[DESCRIPTION OF THE TASK] Output range, inclusive: from the line containing "消防队员用消防水龙带灭火" to the line containing "American Pit Bull". Restate those lines from the data below word for word and only those.

Saved data entries:
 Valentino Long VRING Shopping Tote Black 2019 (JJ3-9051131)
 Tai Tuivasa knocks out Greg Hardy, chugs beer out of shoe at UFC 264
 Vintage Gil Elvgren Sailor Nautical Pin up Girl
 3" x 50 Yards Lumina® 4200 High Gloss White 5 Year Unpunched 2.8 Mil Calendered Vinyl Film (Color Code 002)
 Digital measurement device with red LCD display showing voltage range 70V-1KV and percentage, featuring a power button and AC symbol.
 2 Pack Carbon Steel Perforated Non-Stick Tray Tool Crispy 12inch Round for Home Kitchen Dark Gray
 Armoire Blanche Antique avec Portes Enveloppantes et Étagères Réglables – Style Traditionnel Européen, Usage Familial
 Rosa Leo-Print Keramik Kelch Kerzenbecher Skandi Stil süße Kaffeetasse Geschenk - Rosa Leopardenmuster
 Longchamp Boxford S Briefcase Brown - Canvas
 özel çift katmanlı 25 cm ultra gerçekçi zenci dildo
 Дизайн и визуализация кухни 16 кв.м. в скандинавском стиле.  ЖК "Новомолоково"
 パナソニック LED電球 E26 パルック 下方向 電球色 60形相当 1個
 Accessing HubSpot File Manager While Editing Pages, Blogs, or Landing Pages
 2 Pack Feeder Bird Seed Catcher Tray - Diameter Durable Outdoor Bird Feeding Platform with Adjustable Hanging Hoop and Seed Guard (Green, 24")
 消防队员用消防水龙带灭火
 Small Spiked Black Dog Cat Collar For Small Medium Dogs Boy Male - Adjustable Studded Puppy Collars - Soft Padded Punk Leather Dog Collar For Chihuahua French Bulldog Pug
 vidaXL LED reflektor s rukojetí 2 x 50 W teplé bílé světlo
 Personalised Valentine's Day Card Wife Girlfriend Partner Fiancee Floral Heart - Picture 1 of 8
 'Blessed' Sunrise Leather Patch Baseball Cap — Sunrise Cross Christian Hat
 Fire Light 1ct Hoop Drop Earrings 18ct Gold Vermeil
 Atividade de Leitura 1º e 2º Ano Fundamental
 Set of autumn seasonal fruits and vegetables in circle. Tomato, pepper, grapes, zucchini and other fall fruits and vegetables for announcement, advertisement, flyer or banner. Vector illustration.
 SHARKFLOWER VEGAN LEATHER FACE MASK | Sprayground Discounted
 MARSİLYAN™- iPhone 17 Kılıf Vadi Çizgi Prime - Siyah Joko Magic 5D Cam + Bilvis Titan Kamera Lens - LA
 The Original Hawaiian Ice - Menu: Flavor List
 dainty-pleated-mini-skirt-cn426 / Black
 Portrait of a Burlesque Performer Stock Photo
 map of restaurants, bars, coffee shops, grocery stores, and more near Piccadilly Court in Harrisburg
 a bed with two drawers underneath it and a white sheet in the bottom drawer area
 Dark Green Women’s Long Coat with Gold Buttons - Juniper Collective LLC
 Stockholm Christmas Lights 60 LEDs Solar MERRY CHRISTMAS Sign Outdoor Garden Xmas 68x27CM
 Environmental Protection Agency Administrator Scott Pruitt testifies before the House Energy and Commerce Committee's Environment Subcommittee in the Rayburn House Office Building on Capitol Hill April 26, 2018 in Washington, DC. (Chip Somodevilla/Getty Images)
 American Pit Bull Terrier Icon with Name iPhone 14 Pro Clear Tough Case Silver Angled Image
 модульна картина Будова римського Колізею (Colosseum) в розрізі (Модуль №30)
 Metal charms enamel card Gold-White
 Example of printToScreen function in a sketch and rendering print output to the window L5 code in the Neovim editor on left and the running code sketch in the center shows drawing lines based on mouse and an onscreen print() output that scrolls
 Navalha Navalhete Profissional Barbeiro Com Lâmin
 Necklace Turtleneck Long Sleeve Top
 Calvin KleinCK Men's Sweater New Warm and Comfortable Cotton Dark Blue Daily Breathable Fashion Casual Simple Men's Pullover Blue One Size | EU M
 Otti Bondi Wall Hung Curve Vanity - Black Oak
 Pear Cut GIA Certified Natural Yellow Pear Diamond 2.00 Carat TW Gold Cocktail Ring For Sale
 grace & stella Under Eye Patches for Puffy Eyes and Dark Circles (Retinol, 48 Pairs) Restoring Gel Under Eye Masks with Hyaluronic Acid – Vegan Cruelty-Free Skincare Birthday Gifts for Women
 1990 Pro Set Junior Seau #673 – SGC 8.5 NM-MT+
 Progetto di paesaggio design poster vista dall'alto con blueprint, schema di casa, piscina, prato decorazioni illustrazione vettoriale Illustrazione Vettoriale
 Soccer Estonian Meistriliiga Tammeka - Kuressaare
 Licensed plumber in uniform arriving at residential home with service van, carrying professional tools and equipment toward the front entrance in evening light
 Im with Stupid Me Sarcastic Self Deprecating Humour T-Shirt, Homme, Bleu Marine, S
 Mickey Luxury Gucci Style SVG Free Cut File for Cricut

[EXERCISE OUTPUT]
 消防队员用消防水龙带灭火
 Small Spiked Black Dog Cat Collar For Small Medium Dogs Boy Male - Adjustable Studded Puppy Collars - Soft Padded Punk Leather Dog Collar For Chihuahua French Bulldog Pug
 vidaXL LED reflektor s rukojetí 2 x 50 W teplé bílé světlo
 Personalised Valentine's Day Card Wife Girlfriend Partner Fiancee Floral Heart - Picture 1 of 8
 'Blessed' Sunrise Leather Patch Baseball Cap — Sunrise Cross Christian Hat
 Fire Light 1ct Hoop Drop Earrings 18ct Gold Vermeil
 Atividade de Leitura 1º e 2º Ano Fundamental
 Set of autumn seasonal fruits and vegetables in circle. Tomato, pepper, grapes, zucchini and other fall fruits and vegetables for announcement, advertisement, flyer or banner. Vector illustration.
 SHARKFLOWER VEGAN LEATHER FACE MASK | Sprayground Discounted
 MARSİLYAN™- iPhone 17 Kılıf Vadi Çizgi Prime - Siyah Joko Magic 5D Cam + Bilvis Titan Kamera Lens - LA
 The Original Hawaiian Ice - Menu: Flavor List
 dainty-pleated-mini-skirt-cn426 / Black
 Portrait of a Burlesque Performer Stock Photo
 map of restaurants, bars, coffee shops, grocery stores, and more near Piccadilly Court in Harrisburg
 a bed with two drawers underneath it and a white sheet in the bottom drawer area
 Dark Green Women’s Long Coat with Gold Buttons - Juniper Collective LLC
 Stockholm Christmas Lights 60 LEDs Solar MERRY CHRISTMAS Sign Outdoor Garden Xmas 68x27CM
 Environmental Protection Agency Administrator Scott Pruitt testifies before the House Energy and Commerce Committee's Environment Subcommittee in the Rayburn House Office Building on Capitol Hill April 26, 2018 in Washington, DC. (Chip Somodevilla/Getty Images)
 American Pit Bull Terrier Icon with Name iPhone 14 Pro Clear Tough Case Silver Angled Image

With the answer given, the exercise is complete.